Hubert jak zwykle każdego denerwował i grał na gitarze. Tylko jak zwykle zapomniał podłączyć ją do wzmacniacza i by usłyszeć dźwięk kopał perkusję. Nie wiem co on widział w kopaniu perkusji, ale ważne że był zadowolony. Ada z Martą poszły na siku, no cóż nikt nawet nie zwrócił uwagi gdy wyszły. Nagle Lidka spytała:
- Ej a gdzie Marta i Ada?
- Jebać ich! krzyknął Hubert
Lidka się spojrzała na niego jak na idiotę. W sumie jak na każdego, taki już ma wyraz twarzy (Balon dalej siedział i stuku stuku).

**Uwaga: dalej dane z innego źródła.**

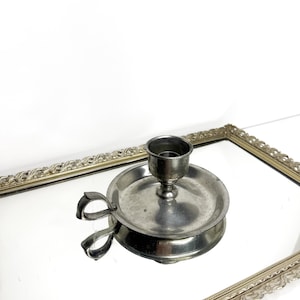 Puede incluir: Un candelero vintage de color plateado con asa. El candelero tiene una base redonda y una copa para la vela. El asa tiene un diseño de bucle. El candelero está sobre una superficie espejada.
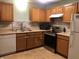 Traditional kitchen featuring stainless steel appliances and ample cabinet space at 802 Suwanee Ct, Indianapolis, IN 46217
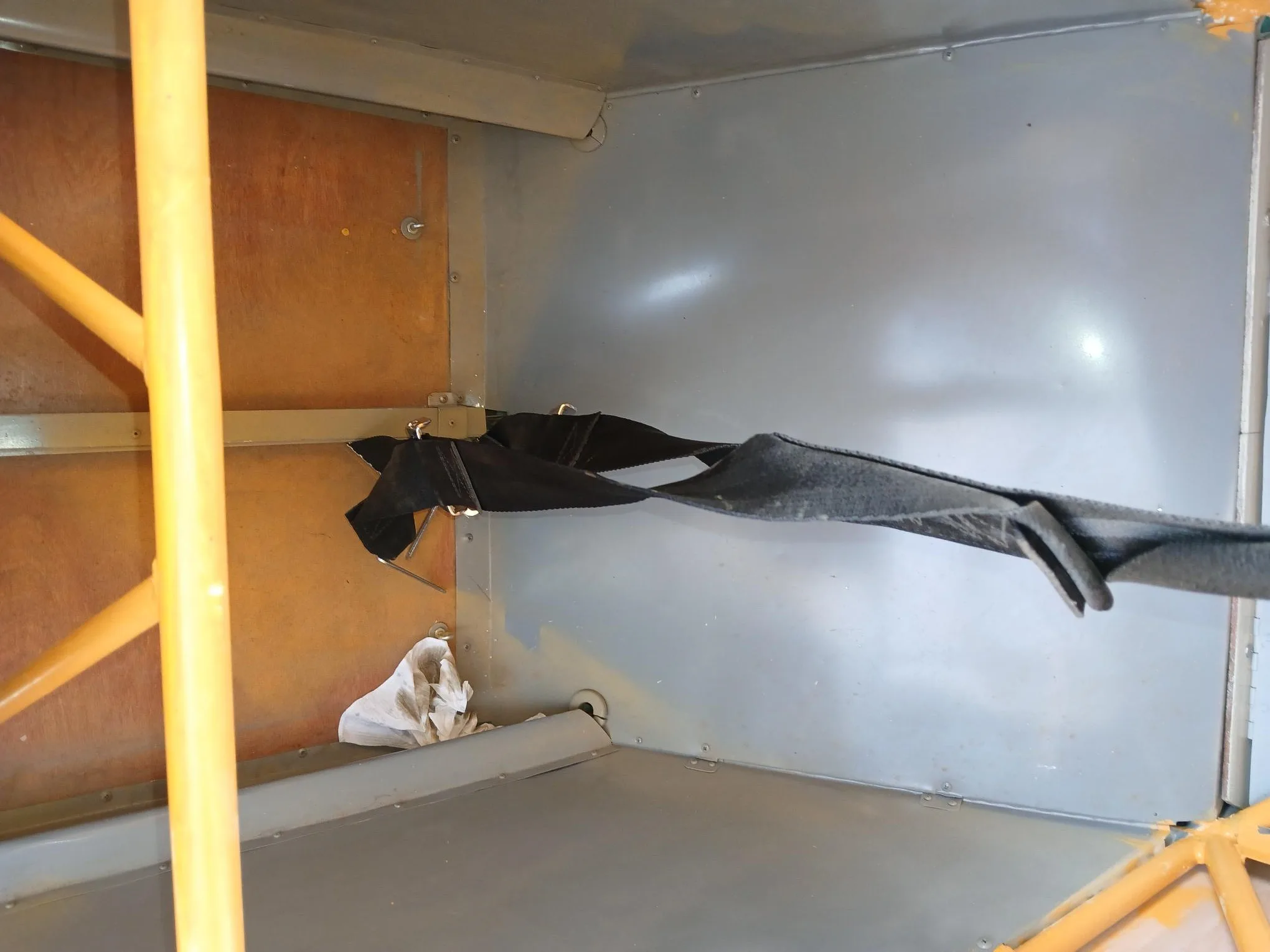 The rear interior cabin area of the aircraft, showing the metal and wood structure.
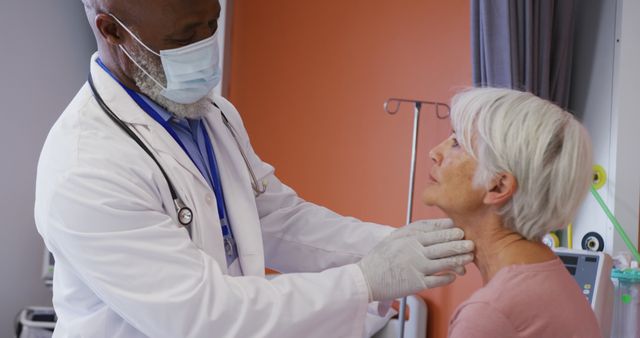 Medical professional wearing a white coat conducting a routine health examination on a senior patient in a hospital setting. Suitable for use in healthcare advertisements, medical blogs, senior health articles, and hospital brochures.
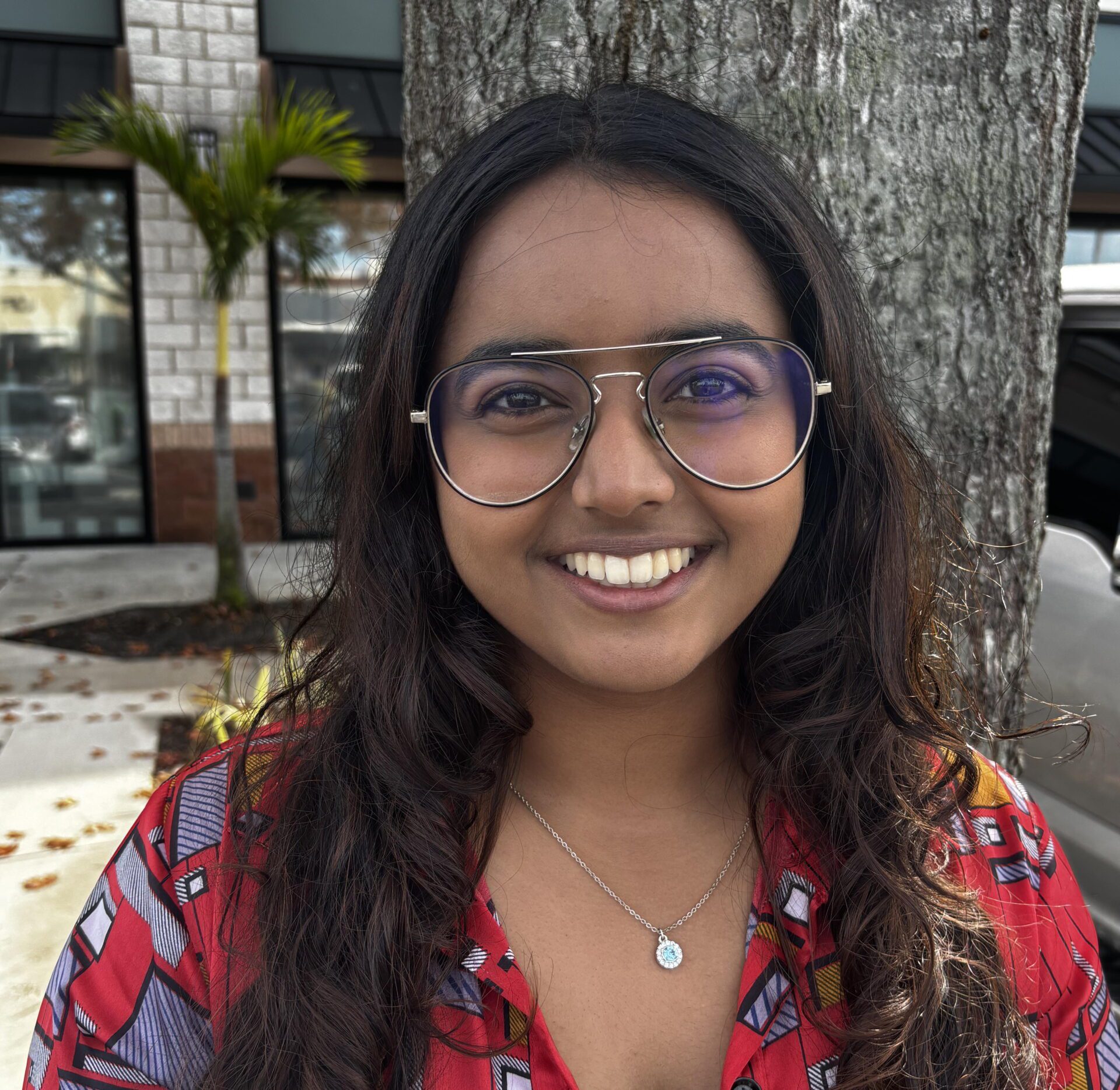 Person with long hair and glasses, wearing a red patterned shirt and a silver necklace, smiles in front of a tree and building.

Mietla podeszła do Huberta:
- Słuchaj Hubert mam problem
- Jaki? - spytał chłodno Hubert
- No to Balon nie chce mnie słuchać bo ciągle stuku stuku, a Oficer ma masło na spodniach i mój światopogląd się łamię
- Słuchaj Martyna Mietlicka, ja jestem gwiazdą rocka, gram na basie, mam swój zespół, grałem blues nad bobrem, byłem na konkursie matematycznym we Wrocławiu, mam kolegów jak brudu w kieszeni, a koleżanek jak łupieżu we włosach, A ty mi tu jak zwykle pierdolisz, że Oficer jest brudny
- Ale, aleee... - nie wiedząc co odpowiedzieć Martyna zaczyna się jąkać
- Cicho! - powiedział Hubert do Mietli - Oficer kurwa!
- Co ?! - spytał Oficer ale nie oczekiwał inteligentnej odpowiedzi. Oczywiście się nie ździwił
- Umyj się w końcu
- A może nie, może lubię być brudasem. Może lubię mieć masło na spodniach, a może lubie jak mi śmierdzą nogo. To jest moja sprawa i ty sam się umyj.
- Co?
- No dobra, wczoraj nam odcięli wodę, mama znowu zapomniała poszukać pracy by zarobić na rachunki. A ty się śmiejesz - tłumaczy się zażenowany i brudny Kuba
- Yhhh, sorry stary nie wiedziałem
- Spoko
- Chcesz to Ci pożyczę ten litr mineralnej, może Ci będzie starczyć na tydzień - mówi Hubert podając butelkę litrową wody mineralnej
- Dzięki, umyję teraz tacie plecy
- Nie ma za co !
Ta długa i wyczerpująca rozmowa spowodowała, że Martyna usnęła.